Musically, I identify 1967 with Jefferson Airplane, Sgt. Pepper’s, the Summer Of Love. Yet this record seems like it came from another planet altogether, and perhaps it did. The album radiates New York City, and mostly not the pretty parts either. The Velvet Underground’s New York feels like the yin to 1967 San Francisco’s yang. Where the Frisco vibe was laid-back, open, and loving, New York is tense, paranoid, and angry. Where the hippies wanted to save the world with peace, Lou Reed’s characters mostly want to annihilate themselves or each other. And where the primary theme of the Summer Of Love is freedom, the primary theme of this album is pressure. Both states can produce remarkable accomplishments, and in 1967, both did.
They’re worlds apart musically as well. Where the California sound was all about pretty chiming and blues tropes, The Velvet Underground & Nico is redolent with atonal shrieks, shatters, bangs, and staggers. The song structures are often bizarre — take “European Son”, whose lyrics run out about seven minutes before its music does. Much of that music careens crazily up and down non-traditional scales, veering into feedback and hyperactive hemidemisemiquavers, in front of a guitar strumming over and over and over on the same chord, until it’s more of a drone than a rhythm. In fact, some kind of drone comes up in a lot of the VU’s songs on this collection — it’s behind “Venus In Furs”, “All Tomorrow’s Parties”, “Heroin”, “Femme Fatale”, and more. It’s kind of their signature sound here.
Speaking of drone, let’s talk about Nico. This may be heretical, but I’m not sure her presence is a net gain for the record. Her vocals are certainly interesting, and often surprising, but their effect on the songs tends to be odd and distancing, generally to the detriment of the overall experience. “I’ll Be Your Mirror” fares the worst — it’s far and away the sweetest song on the album, but her frosty tone dampens its warmth, and her heavy German accent makes the gorgeous words harder to understand. Similarly, the lyrics to “All Tomorrow’s Parties” read on the page as compassionate, or at least pitying, but out of Nico’s mouth they sound contemptuous. That tone works better on “Femme Fatale”, which really is a sneering song, one that perhaps sounds a smidgen less misogynist when sung by a woman.
On the other hand, Lou Reed inhabits these characters with a marvelous intensity. That little laugh in “Heroin”, after “it’s my wife and it’s my life”, encapsulates the junkie’s longed-for detachment, finally achieved via a spike in the vein. Or how the obsequious “Oh pardon me sir, it’s furthest from my mind” in “Waiting For The Man” brings across the nervousness of the character while slyly upending the more common racial accusation.

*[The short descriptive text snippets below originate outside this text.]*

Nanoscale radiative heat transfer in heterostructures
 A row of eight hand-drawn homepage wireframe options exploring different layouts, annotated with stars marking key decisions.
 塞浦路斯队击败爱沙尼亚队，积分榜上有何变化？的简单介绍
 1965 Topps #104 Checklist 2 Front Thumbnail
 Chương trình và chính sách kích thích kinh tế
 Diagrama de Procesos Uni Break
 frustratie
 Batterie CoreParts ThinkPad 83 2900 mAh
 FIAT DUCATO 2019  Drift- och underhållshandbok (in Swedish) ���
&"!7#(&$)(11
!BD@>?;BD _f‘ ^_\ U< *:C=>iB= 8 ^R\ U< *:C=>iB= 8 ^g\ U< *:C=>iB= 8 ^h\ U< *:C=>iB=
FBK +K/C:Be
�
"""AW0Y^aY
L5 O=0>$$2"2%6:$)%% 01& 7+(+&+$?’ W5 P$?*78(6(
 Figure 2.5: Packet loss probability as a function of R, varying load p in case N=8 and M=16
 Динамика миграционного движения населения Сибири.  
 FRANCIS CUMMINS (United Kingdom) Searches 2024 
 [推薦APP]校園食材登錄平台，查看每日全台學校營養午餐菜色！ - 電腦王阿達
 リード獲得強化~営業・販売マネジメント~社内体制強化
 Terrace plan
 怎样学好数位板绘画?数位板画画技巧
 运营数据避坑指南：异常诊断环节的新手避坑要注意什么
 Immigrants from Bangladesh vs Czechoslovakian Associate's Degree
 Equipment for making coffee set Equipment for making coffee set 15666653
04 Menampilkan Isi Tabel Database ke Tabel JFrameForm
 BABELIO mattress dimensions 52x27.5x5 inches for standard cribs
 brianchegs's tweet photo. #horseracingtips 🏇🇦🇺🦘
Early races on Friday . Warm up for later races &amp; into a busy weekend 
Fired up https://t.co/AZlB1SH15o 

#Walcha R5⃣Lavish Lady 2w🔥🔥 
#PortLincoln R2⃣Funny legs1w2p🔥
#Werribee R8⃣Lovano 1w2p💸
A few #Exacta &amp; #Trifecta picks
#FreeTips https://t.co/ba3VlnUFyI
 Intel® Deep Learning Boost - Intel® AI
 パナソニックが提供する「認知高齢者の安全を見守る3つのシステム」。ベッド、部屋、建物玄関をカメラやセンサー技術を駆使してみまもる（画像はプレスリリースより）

“Venus In Furs” is probably the song that captivated me most this time around. While plenty of the other tunes explore darkness, this song finds a beauty and even a healing in sexual masochism. It has to be one of the first sympathetic portrayals of BDSM in rock — even now not a terribly crowded field in any medium. “Strike dear mistress, and cure his heart” pierces straight to the center of a crucial truth for submissive masochists — that the touch of the whip brings relief, release, and comfort. Sure, endorphins are a part of it, but on an emotional level that willing submission to pain allows them to befriend it, even control it, rather than letting it control them.
That’s a different kind of insight for a 1967 album, and the Velvet Underground pull it off so brilliantly. Almost makes me want to start a band.